[Records from a dataset]
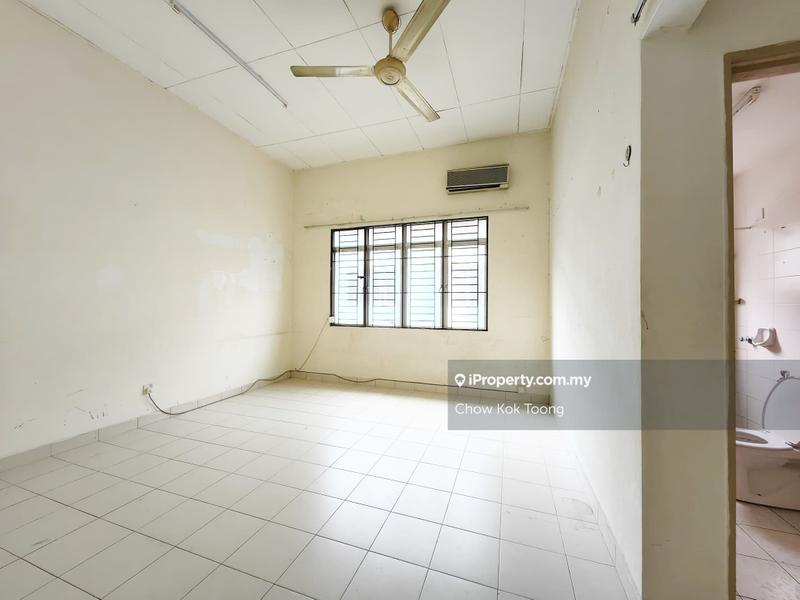Rumah Teres 2.5-Tingkat untuk Dijual di Taman Tasik Prima, Puchong oleh Chow Kok Toong - iProperty.com.my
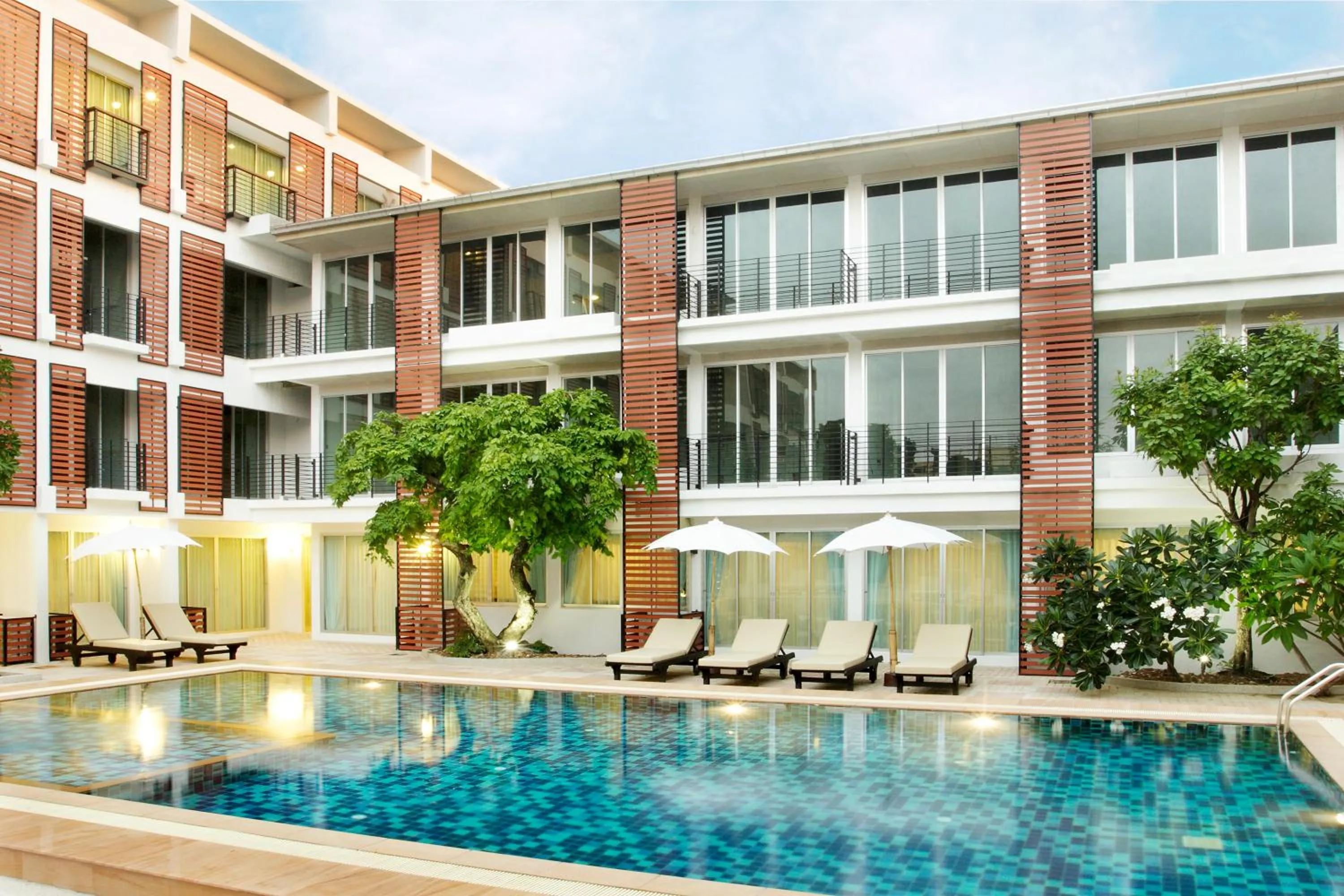 Facade/entrance in Paradise Hotel Udonthani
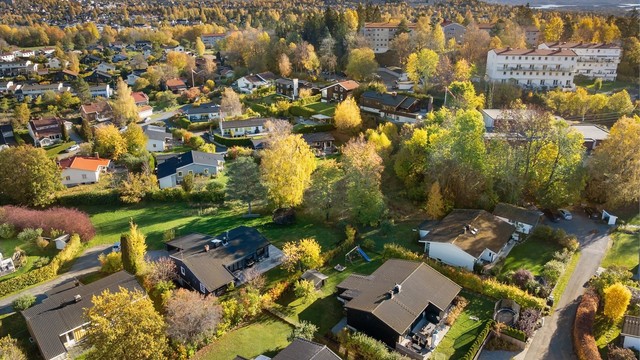 Det er kort vei til flere gode skoler og barnehager. I tillegg finnes det et godt utvalg av både kommunale og private barnehager, samt flere videregående skoler i nærområdet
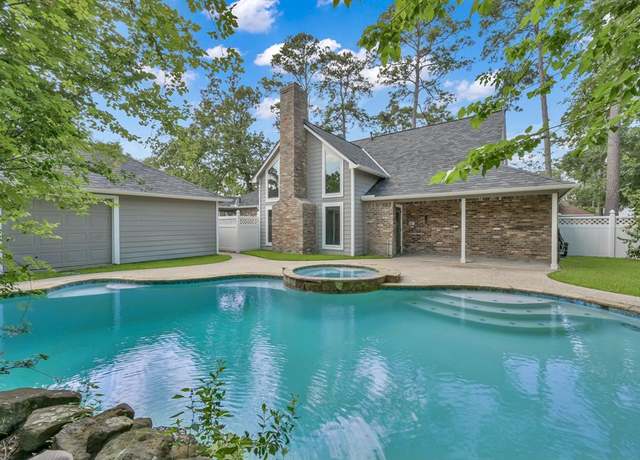 Property at 402 Pine Manor Dr, Conroe, TX 77385, 3 beds, 2.5 baths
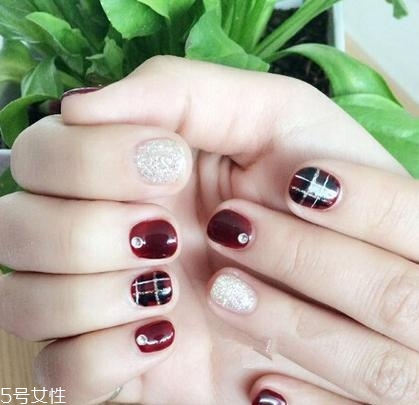 美甲的形狀和顏色怎么搭配？劍型指甲適合紅與黑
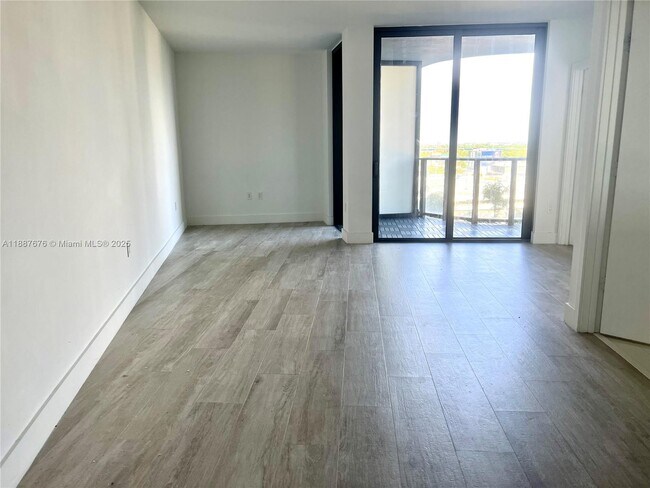 Foto del edificio - 121 NE 34th St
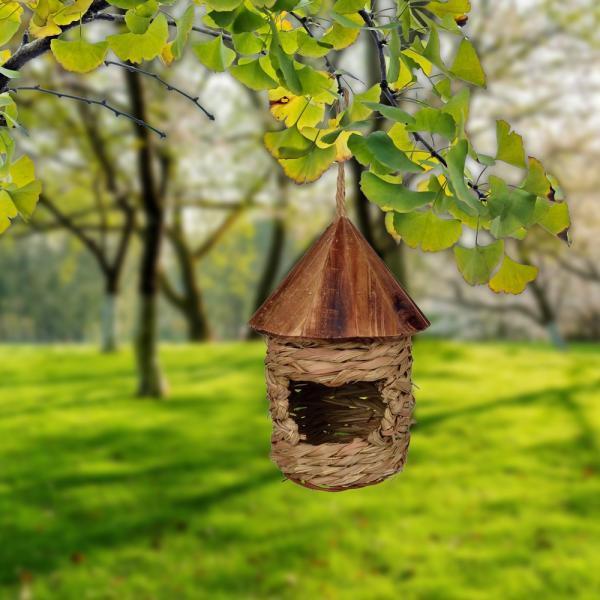 Grass Roosting Pockets with Roof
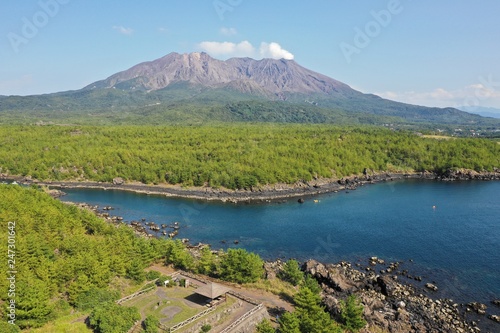 桜島の溶岩で出来た自然港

[Your goal] From the line containing "Foto del edificio - 121 NE 34th St" down to the last line of the entries above, copy each line exactly and nothing more. Leave pictures out.

[Exercise solution]
 Foto del edificio - 121 NE 34th St
 Grass Roosting Pockets with Roof
 桜島の溶岩で出来た自然港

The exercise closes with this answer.